• _Supplied data_
┄┄┄┄┄┄

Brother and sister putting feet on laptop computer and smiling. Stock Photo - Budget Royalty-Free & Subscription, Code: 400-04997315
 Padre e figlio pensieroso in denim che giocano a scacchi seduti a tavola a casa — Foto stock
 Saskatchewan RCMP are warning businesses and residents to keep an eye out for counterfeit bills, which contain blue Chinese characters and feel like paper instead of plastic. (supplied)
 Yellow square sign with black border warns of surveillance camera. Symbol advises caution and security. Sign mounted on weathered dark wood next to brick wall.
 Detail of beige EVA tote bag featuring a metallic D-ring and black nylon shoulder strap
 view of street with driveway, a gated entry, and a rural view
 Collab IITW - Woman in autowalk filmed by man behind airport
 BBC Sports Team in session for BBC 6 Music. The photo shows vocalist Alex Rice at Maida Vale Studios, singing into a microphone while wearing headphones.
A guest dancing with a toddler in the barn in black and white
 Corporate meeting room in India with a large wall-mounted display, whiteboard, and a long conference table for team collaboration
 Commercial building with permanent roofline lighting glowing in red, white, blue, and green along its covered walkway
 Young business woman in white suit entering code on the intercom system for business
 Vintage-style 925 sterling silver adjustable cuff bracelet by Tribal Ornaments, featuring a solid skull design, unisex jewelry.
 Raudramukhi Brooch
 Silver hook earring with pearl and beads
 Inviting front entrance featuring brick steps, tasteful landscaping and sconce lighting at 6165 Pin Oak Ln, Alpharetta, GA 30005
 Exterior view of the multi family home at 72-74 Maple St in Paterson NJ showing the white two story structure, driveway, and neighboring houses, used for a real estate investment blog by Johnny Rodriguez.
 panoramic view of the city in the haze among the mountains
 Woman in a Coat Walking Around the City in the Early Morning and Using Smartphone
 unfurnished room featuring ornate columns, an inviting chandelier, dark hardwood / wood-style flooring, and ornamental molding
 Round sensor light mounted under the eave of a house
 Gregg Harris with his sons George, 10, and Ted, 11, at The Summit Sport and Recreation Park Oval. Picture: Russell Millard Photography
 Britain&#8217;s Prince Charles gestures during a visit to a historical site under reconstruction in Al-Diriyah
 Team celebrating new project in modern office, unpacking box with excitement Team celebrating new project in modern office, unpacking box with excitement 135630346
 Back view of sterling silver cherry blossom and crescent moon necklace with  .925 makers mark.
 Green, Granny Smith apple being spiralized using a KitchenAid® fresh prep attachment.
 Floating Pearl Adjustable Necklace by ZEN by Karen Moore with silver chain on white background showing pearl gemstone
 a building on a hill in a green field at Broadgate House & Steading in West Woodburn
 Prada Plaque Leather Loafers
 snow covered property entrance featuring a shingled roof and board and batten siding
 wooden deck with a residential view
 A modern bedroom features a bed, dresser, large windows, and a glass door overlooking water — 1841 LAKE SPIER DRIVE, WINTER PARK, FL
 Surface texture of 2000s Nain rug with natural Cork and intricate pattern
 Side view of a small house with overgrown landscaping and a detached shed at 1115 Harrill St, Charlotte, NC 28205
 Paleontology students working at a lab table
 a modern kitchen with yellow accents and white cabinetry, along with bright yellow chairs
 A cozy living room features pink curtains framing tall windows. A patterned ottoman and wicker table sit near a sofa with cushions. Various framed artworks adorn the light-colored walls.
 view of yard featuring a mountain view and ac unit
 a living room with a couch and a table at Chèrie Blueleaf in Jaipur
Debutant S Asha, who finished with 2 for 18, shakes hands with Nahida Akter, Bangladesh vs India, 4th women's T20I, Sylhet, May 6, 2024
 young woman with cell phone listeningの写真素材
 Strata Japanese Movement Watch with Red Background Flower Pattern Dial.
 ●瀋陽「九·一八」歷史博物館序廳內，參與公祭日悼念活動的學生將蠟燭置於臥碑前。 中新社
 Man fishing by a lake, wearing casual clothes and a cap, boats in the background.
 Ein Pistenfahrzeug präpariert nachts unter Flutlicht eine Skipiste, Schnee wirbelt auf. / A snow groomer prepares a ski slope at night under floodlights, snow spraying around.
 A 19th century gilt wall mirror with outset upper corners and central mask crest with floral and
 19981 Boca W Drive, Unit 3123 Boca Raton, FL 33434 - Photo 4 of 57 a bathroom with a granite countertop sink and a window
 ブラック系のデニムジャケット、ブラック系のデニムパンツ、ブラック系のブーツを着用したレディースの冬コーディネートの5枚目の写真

┄┄┄┄┄┄

• _What you will do_
In the listing above, find the line containing "panoramic view of" and the line containing "Green, Granny Smith", then repeat those two lines and everything between them exactly.

• _Result for this exercise_
 panoramic view of the city in the haze among the mountains
 Woman in a Coat Walking Around the City in the Early Morning and Using Smartphone
 unfurnished room featuring ornate columns, an inviting chandelier, dark hardwood / wood-style flooring, and ornamental molding
 Round sensor light mounted under the eave of a house
 Gregg Harris with his sons George, 10, and Ted, 11, at The Summit Sport and Recreation Park Oval. Picture: Russell Millard Photography
 Britain&#8217;s Prince Charles gestures during a visit to a historical site under reconstruction in Al-Diriyah
 Team celebrating new project in modern office, unpacking box with excitement Team celebrating new project in modern office, unpacking box with excitement 135630346
 Back view of sterling silver cherry blossom and crescent moon necklace with  .925 makers mark.
 Green, Granny Smith apple being spiralized using a KitchenAid® fresh prep attachment.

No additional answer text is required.